Ну мы помолчали. Я, сказать по правде, возмутилась: уж очень он откровенно говорил. Мы-то сами были аполитичны, но Зюганову все-таки не симпатизировали. И чисто по-человечески мне казалось, что он довольно цинично рассуждает. Но Геннадий, как всегда, оказался тоньше настроен. «Знаете, говорит, вы ставите непростую задачу, которая многим осложнена. Я сочувствую вам, но понимаю, что я здесь лицо заинтересованное: я вижу, что вы много делаете для страны, и это делает меня предвзятым. Я, выступая в интересах своей страны, хочу вам сказать, чтобы вы продолжали свое дело. Я вообще в вас столько вижу силы, что, может, от себя бы вообще вам предложил баллотироваться». Тот прямо засиял. «Для того, чтобы я дал вам ответ на ваш вопрос без этих привнесенных обстоятельств, мне потребуется время. Мне нужно будет полностью отстраниться от собственных эмоций по этому вопросу. Если вы готовы ждать, давайте встретимся позже, через месяц. Сейчас мы с вас денег не возьмем, и вообще я понимаю, что ждать вам рискованно — слишком близко к выборам выходит. Но иначе никак». Тот скис явным образом, а куда деваться-то? Я в такие моменты прямо чувствовала, насколько Геннадий сильнее меня. Я ничего не ощущала и никакого ответа ему бы дать не смогла. У меня как-то все это было скорее про мое семейство. А Геннадий — гораздо шире.

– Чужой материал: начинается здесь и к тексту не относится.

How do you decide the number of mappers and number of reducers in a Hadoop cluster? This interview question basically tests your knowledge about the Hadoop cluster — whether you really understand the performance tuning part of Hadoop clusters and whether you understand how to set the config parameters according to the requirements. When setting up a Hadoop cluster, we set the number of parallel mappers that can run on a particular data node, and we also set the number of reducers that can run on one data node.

Ну и что вы думаете, сговариваемся встретиться через месяц. Что ему остается-то? Геннадий берет отпуск и уезжает на дачу, просит его не тревожить и не навещать, но если уж навещаем, то не привозить газет, не рассказывать новостей. Надо выдержать информационную блокаду. Я немного переживаю, как он там, раз в неделю завожу ему еду, но стараюсь никаких пространных разговоров не вести.  

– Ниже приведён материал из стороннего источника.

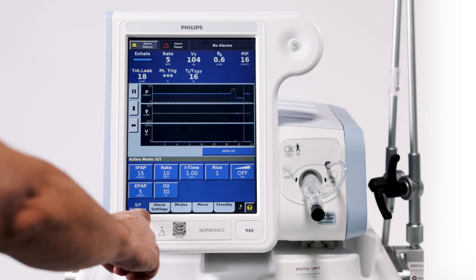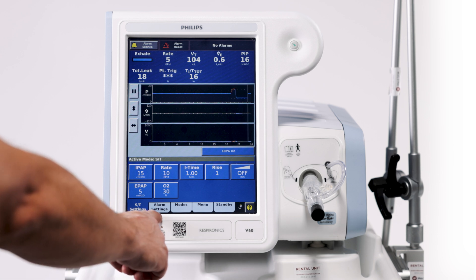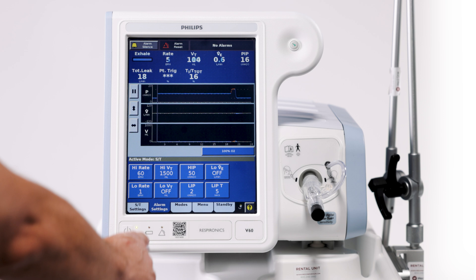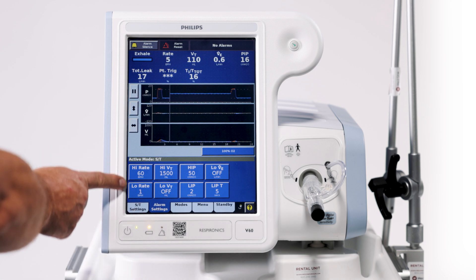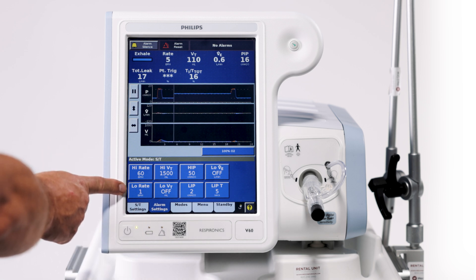Down here in this parameter is our alarm window. These are all the patient alarms in here.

Через месяц, представьте, приезжает Геннадий. И снова этот чиновник является к нам, снова эти на лестничной клетке с чаем. Но тут уж Геннадий мне говорит: ты извини, это слишком энергетически насыщенный разговор, мы с ним должны быть вдвоем. Я, конечно, это понимала. Они поговорили, тот вышел просветленный, очень благодарил. Я ни о чем не спрашивала. Я спросила только в 99-м году. Геннадий сказал: «Я сказал ему поддерживать Ельцина во всем, я сказал, что Ельцин победит и что он сам будет при нем исполнять важные для государства функции. Я тогда мог это сказать совершенно свободно от всех моих убеждений».

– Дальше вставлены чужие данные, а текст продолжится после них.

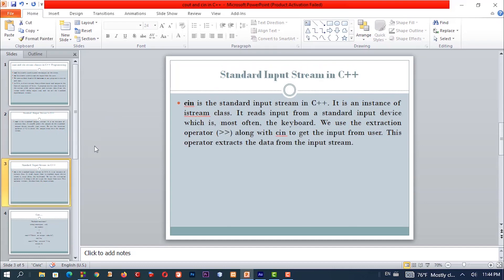cin is the standard input stream in C++. cin means that from the keyboard, let us get the user keyboard input. cin uses the extraction operator to get input into the program.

Но надо сказать, что это решение потребовало у Геннадия таких энергетических затрат, что он после этого довольно долго был слаб. Вроде бы провел месяц на даче, а тут нужна новая реабилитация. Поэтому мы с ним вместе решили, что этот опыт последний. Ни работы на предсказательство, ни заказов такого рода, такой степени ответственности, мы больше не берем. Он как работал слесарем, так и продолжал работать. Комната его нам плоды принесла: там коммуналку купил какой-то магнат, и нам за эту комнату досталась маленькая квартирка в Одинцовском районе. Изредка заказы брали, но уже очень выборочно. То есть денег хватало, тут важно было себя сохранить. А Игорь наш, перепробовав много профессий, стал в итоге сценаристом. Что для меня совершенно неудивительно. Никакие наши способности ему не передались. Сработали гены через поколение.